AITA for backing out of getting an apartment with my friend?
Before I can explain the situation, there's some much needed background information. Let's call her Sally. I've known Sally for most of my life. We met in mid-childhood, and grew up together. By high school we were inseparable. She was the kind of friend I believed would be in my life forever. Thing's changed a little our sophomore year of high school, she got a boyfriend and I didn't see her as much, but we still texted a little. Senior year, we were back to normal. I eventually moved away for college, we texted constantly, and when I came home, we'd go out together and it felt like I never left.
Everything started to get complicated when i transferred back to our hometown. I started hanging out with her and some of her coworkers, people we both went to high shool with. One of them, lets call John. Sally had a major crush on John, even when she still was in a relationship for about three years. John stated that he wasn't into her because that was his co-worker and it wouldn've been awkward. This made Sally upset as she belived he was into her and leading her on. When we went out all together, Sally would get upset if John talked to me and would shove her other co-worker at me to get John away and then state "Go stop your girl from talking to John." Which in hand made it awkward for me and the other guy involved. One night I went out with just John, as Sally was gone and it was a large event at our local bar. I considered John a friend and allowed him to stay over to my house. We didn't do anything, other than sleep in the same bed. Sally found out and got extremely mad at me, she didn't talk to me for about a week after and stated, "why would you go out with him, knowing how much he upset me." I admited I was sorry, things eventually went back to normal.
Fast forward to now, it's been months me and Sally are very close again. We decided to look at apartments together, we found a place and a roommate. Just as we were about to pay security deposists and sign the lease. Our roommate said she was no longer going through with it. Causing us to need another roommate on short notice.

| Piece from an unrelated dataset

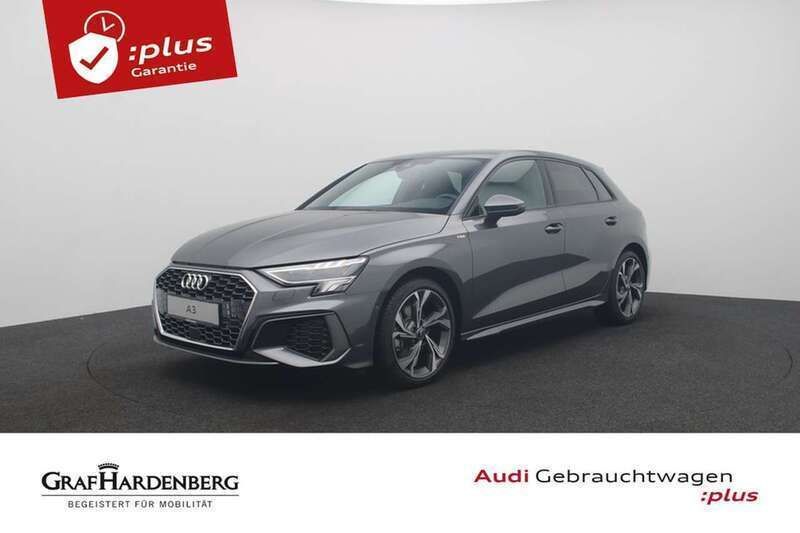 Grau Gebraucht 2024 Audi A3 Sportback S-Line Limousine | 36.980 € (Fairer Preis) - Bild 1/4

This is when Sally suggested John. The same guy who caused the tension in our past. I at first wasn't thinking about it like that. There was a group chat made with him to discuss this. As i thought about it further I realized this was a horrible idea, this is what blew up our friendship in the past. So I made the responsible choice to tell her I couldn't go through with it anymore. That was Wednesday, it's now almost Saturday--with no repones. I want to text her to confront her, not to argue, but finally say everything without tiptoeing or letting her punish me with silence again. However, I know if I do this our friendship will most likely not recover. So, AITA for no longer rooming with her. Also, any advice how to go about the conversation with her.